We haven't added the Solano (2/21/23) and Taylor (1/23/23) and Castro (12/20/22) and Gallo (12/16/22) vet augmentation to the roster for 2024 yet, and that's an important part of solidifying things to roll into the regular season. These guys aren't necessarily intended to play a lot of innings, but they really help keep the lights on and the momentum moving downhill when starters inevitably get hurt. We're talking about CF, the RH hitting corner guy and maybe an SP and another bullpen arm or two, but to date they've really only picked through the relief rag bin (Jensen, Staumont, Alexy.)

In the past these guys were mostly added late in the winter, and that seems to be a few weeks behind schedule this year because of a slow market in general and the unsettled budget problem in MIN particularly. but there's plenty of time to make a trade: MAT came to MIN on Jan 23 last year, Pablo Lopez on Jan 20 and Correa on Jan 11 so we're still well within that time frame.

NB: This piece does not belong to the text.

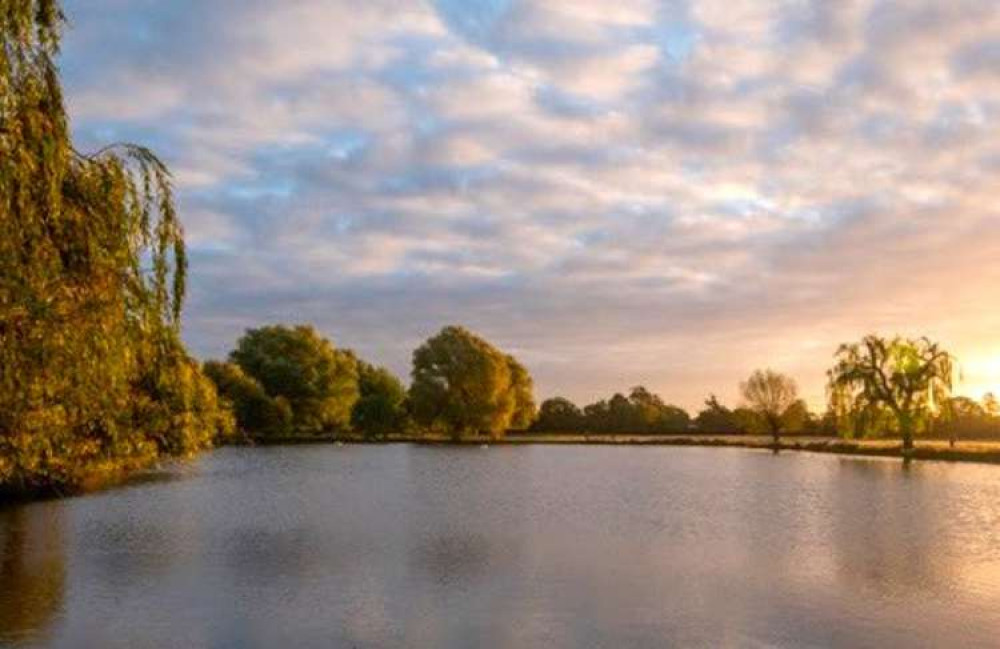 Kingston: Bushy Park's Leg of Mutton lake (Image: Sue Lindenberg)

It's way too early to complain or get too comfortable with the roster as it stands because we've never been ready to go a month before spring training. It's not how things have ever worked, so let it play out a bit.

 

Posted
4 hours ago, chpettit19 said:

The sky is not falling, but things aren't unquestionably ok either. I really hope the 3 rookie stars from last year can maintain their production over full seasons, but the chances of that happening are tiny. I mean those were 3 all star level batting lines they put up. The league has now figured out where the holes in their games are and they're going to attack them hard. Maintaining 135+ OPS+ numbers over a full season is a massive ask. So the expectation should be that there's a likely significant regression to their overall numbers as a group. But there's solid enough hope that Correa and Buxton are at least a little healthier in 2024 and see an increase in their overall numbers as a pair to help balance out the regression from the rookies.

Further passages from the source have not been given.